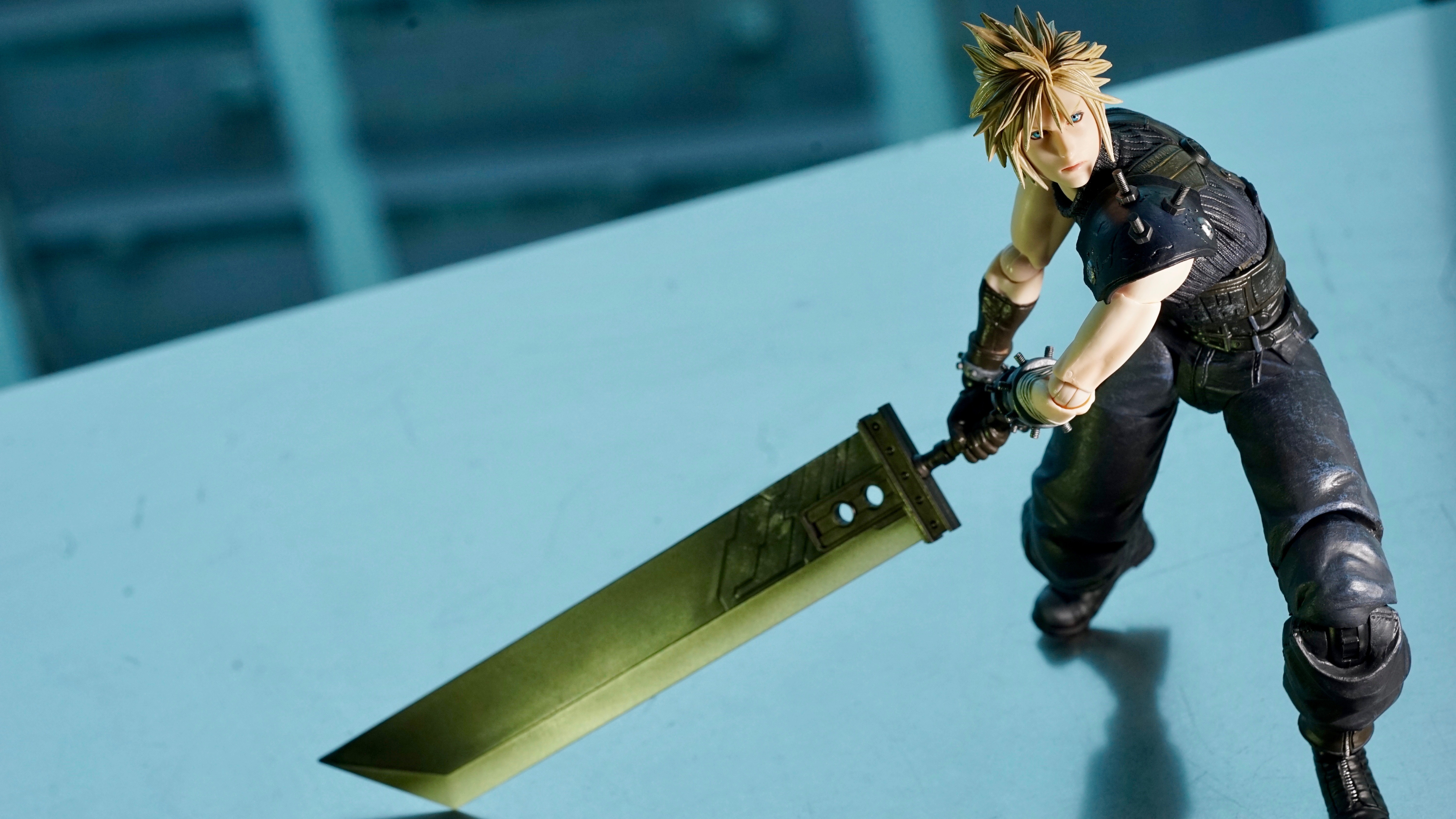 FF VII remake版Cloud　Play Arts 改人偶型格圖集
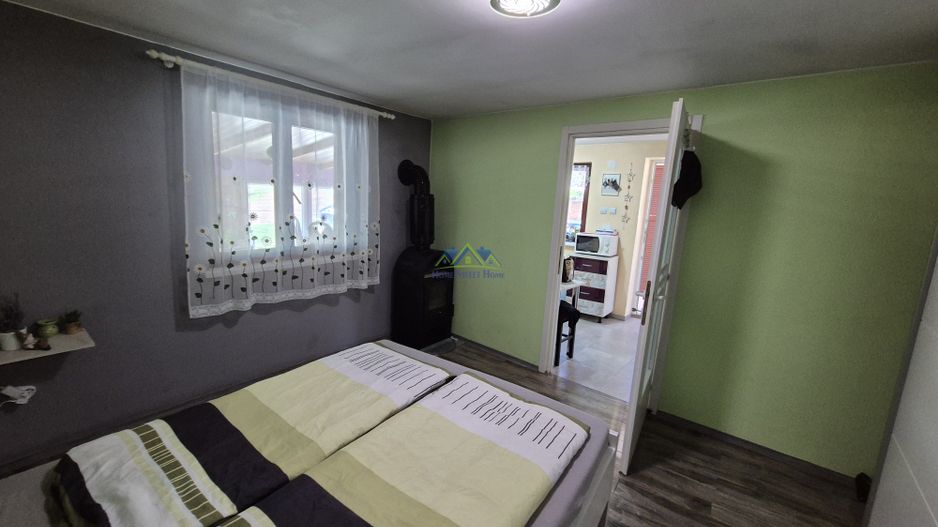 Vand casa 8 camere, 5 bai, 2 garaje, teliucul inferior, teren 1767 mp - Poză 13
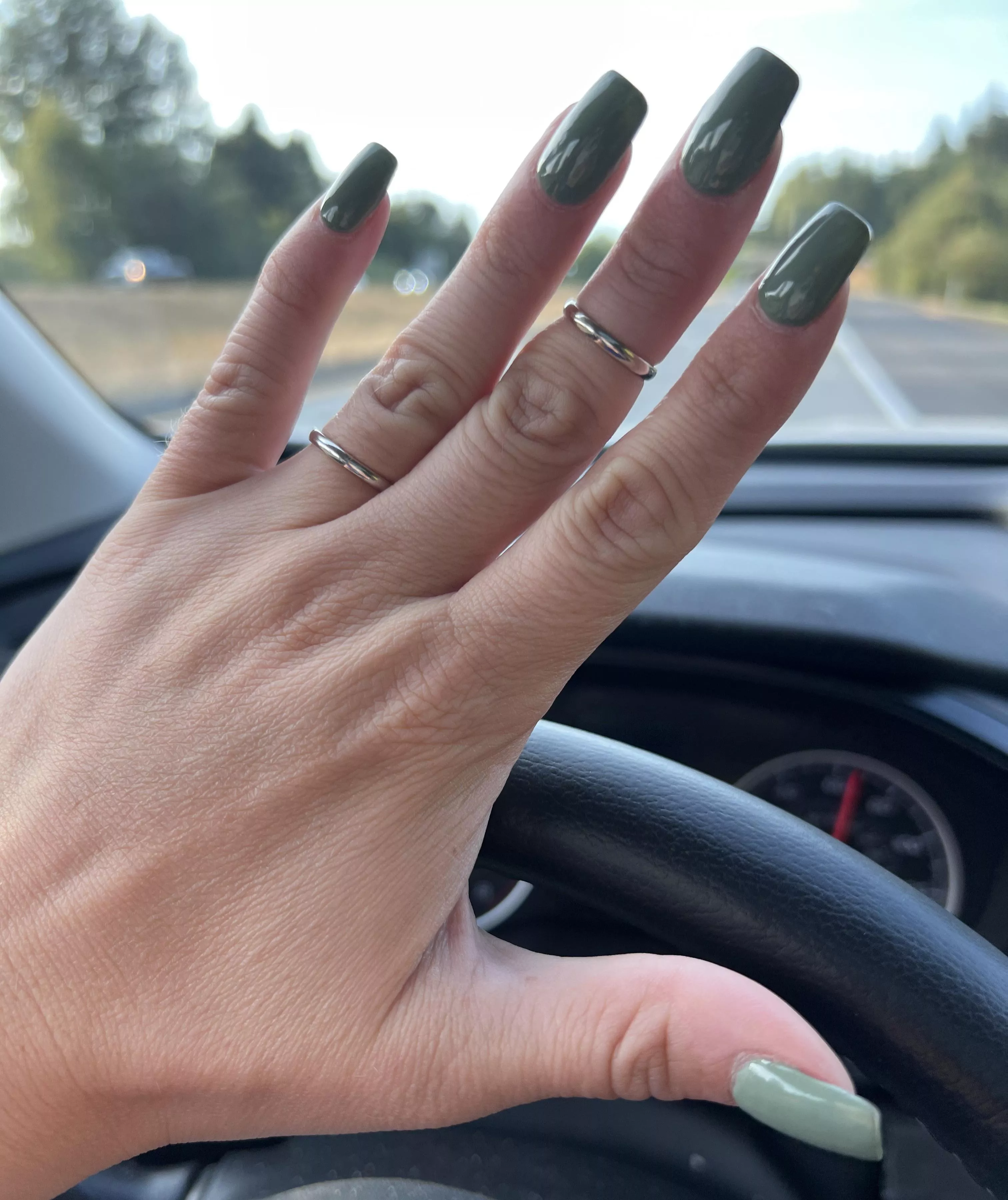 Loving the green- almost fall colors! 🍁🍃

REQUIRED ACTION
Restate the data above word for word. Do not include the images.

EXERCISE OUTPUT
 FF VII remake版Cloud　Play Arts 改人偶型格圖集
 Vand casa 8 camere, 5 bai, 2 garaje, teliucul inferior, teren 1767 mp - Poză 13
 Loving the green- almost fall colors! 🍁🍃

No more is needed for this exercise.